• **Extracted information**
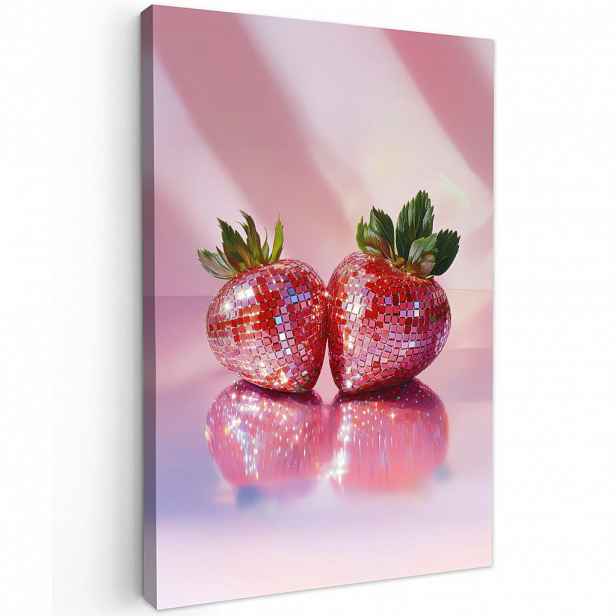 MuchoWow OBRAZ NA PLÁTNĚ Disco - Ovoce - Třpytky - Jahoda 60x90 cm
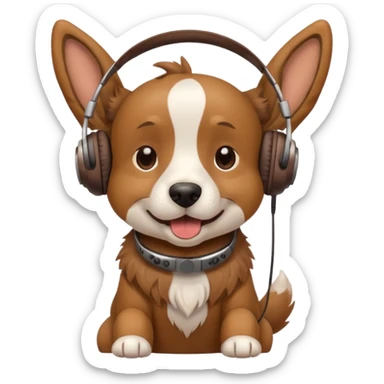 dog wearing headphones sticker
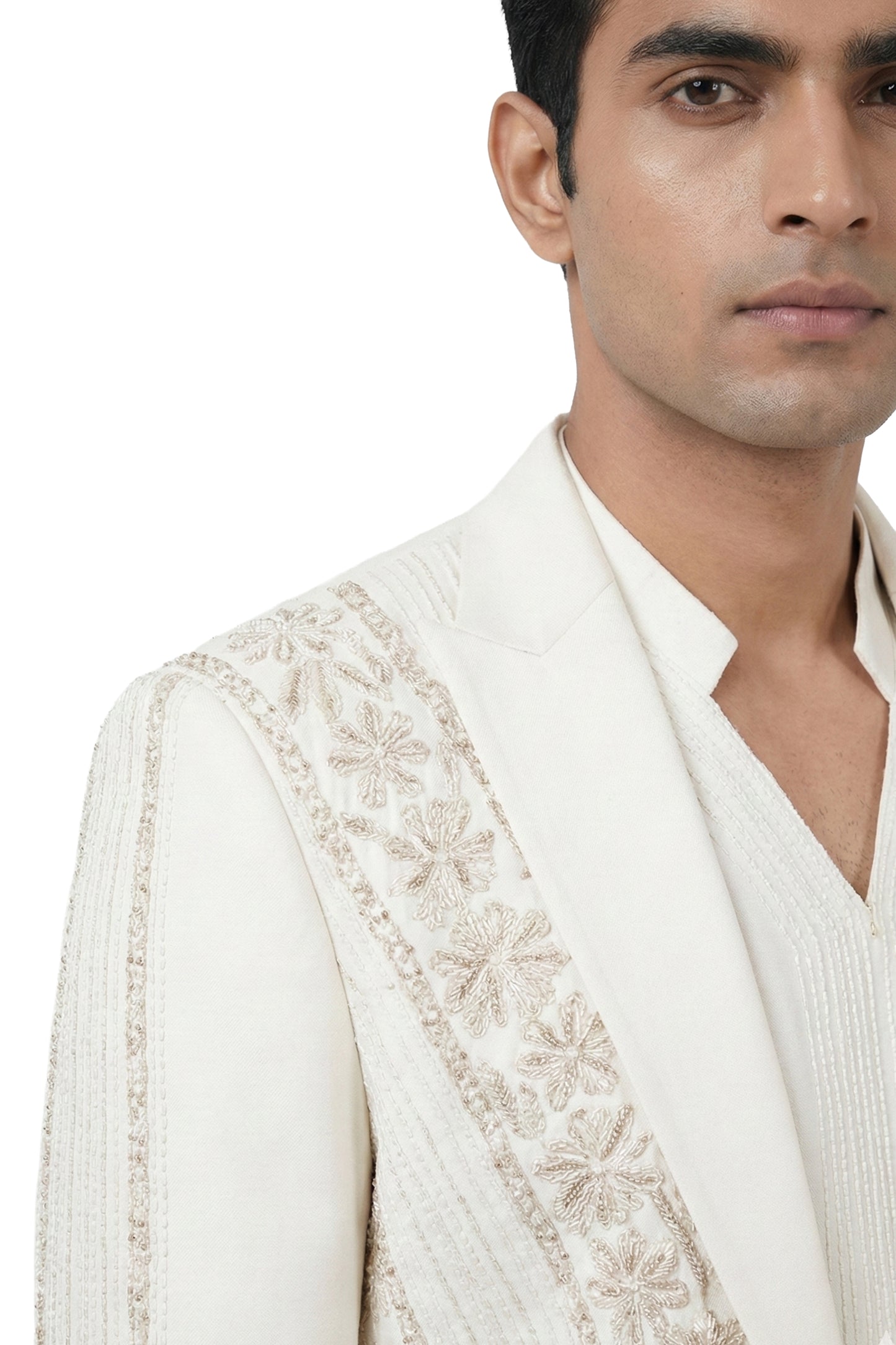 Ivory Embroidered Tuxedo Set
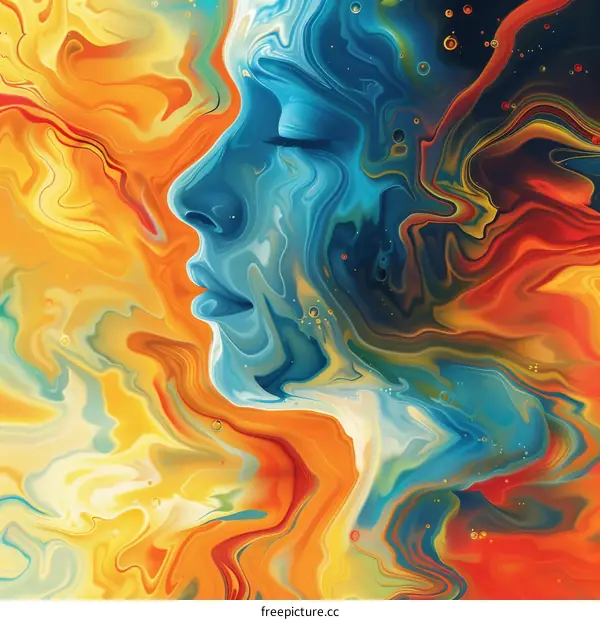 Abstract Art: Colorful Face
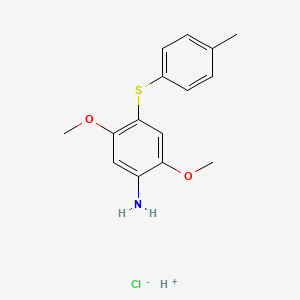 2,5-Dimethoxy-4-(4-methylphenyl)sulfanylaniline;hydron;chloride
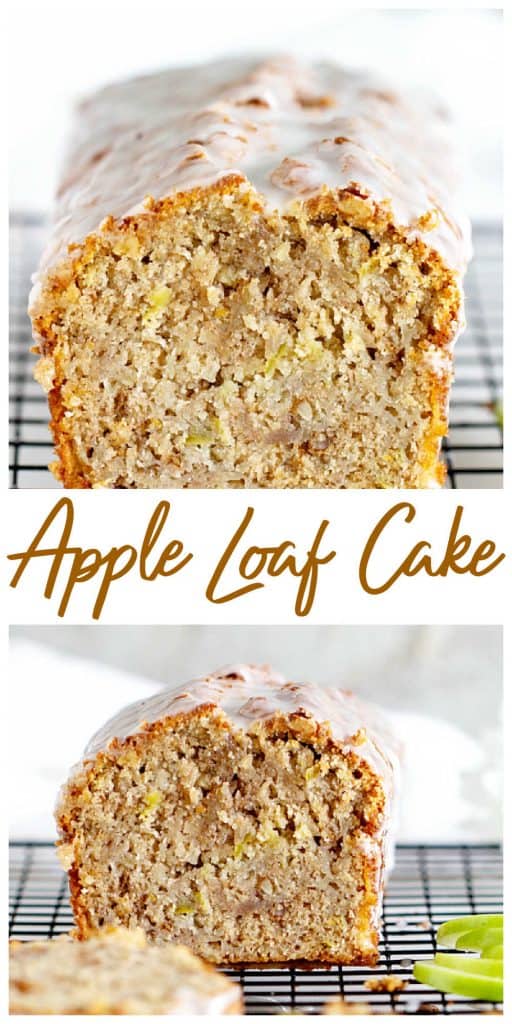 Two image collage with gold text overlay of apple loaf cake on a black wire rack.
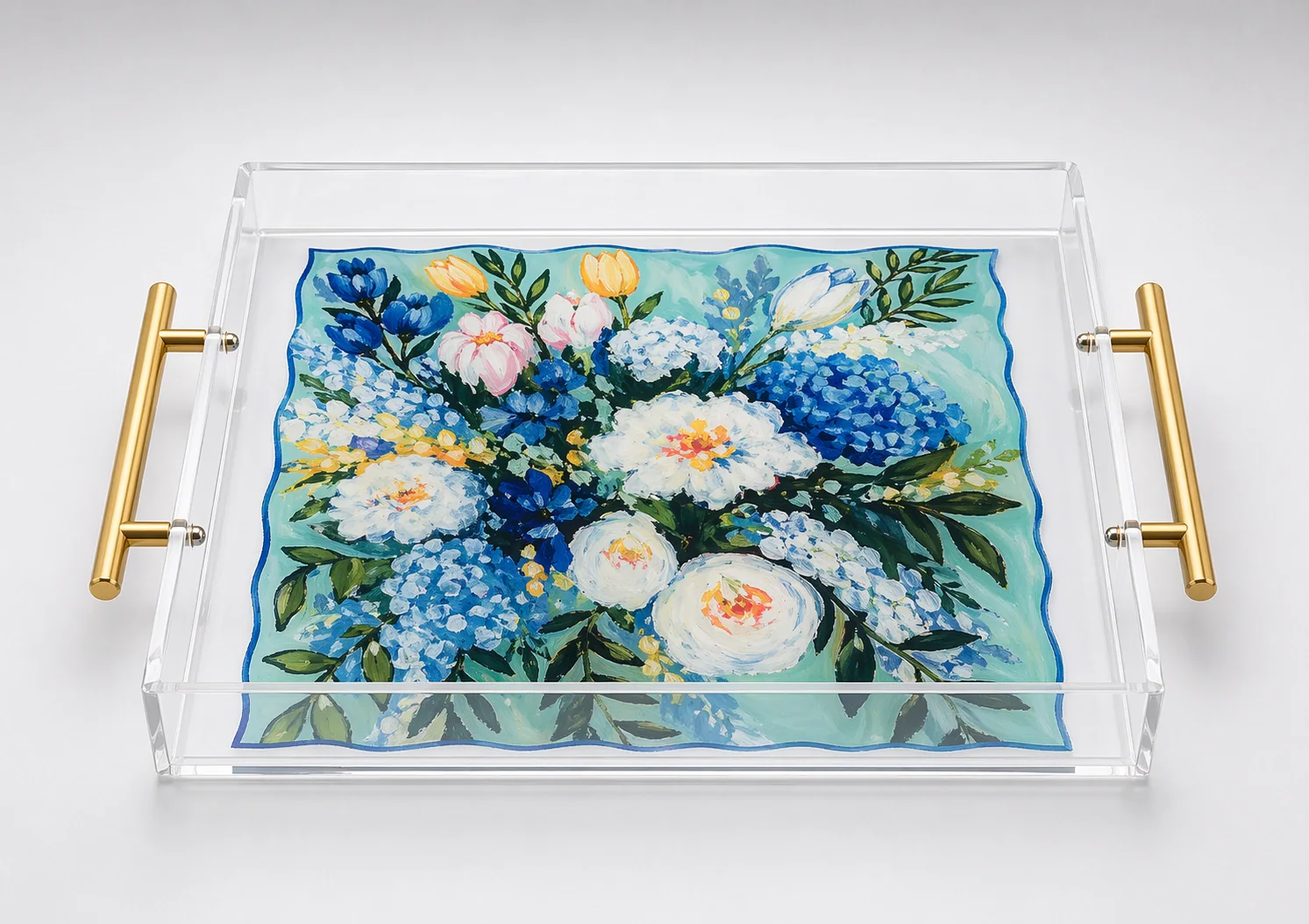 UV printed custom acrylic tray with artwork and gold handles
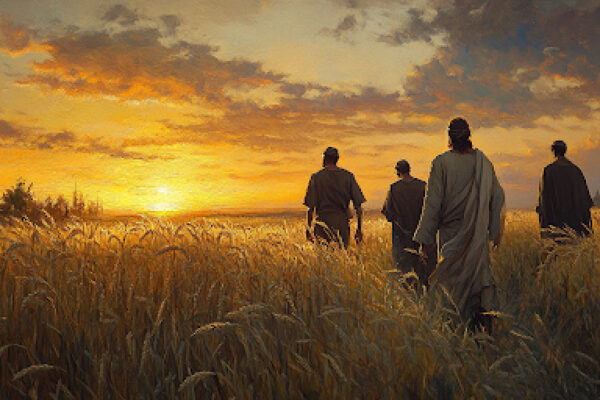 Christ walking near barley harvest symbolizes First Fruits, the agricultural and spiritual roots of Easter and Passover.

• **Directions for this task**
What is needed is an exact copy of all the records, minus any pictures.

• **Result for this task**
 MuchoWow OBRAZ NA PLÁTNĚ Disco - Ovoce - Třpytky - Jahoda 60x90 cm
 dog wearing headphones sticker
 Ivory Embroidered Tuxedo Set
 Abstract Art: Colorful Face
 2,5-Dimethoxy-4-(4-methylphenyl)sulfanylaniline;hydron;chloride
 Two image collage with gold text overlay of apple loaf cake on a black wire rack.
 UV printed custom acrylic tray with artwork and gold handles
 Christ walking near barley harvest symbolizes First Fruits, the agricultural and spiritual roots of Easter and Passover.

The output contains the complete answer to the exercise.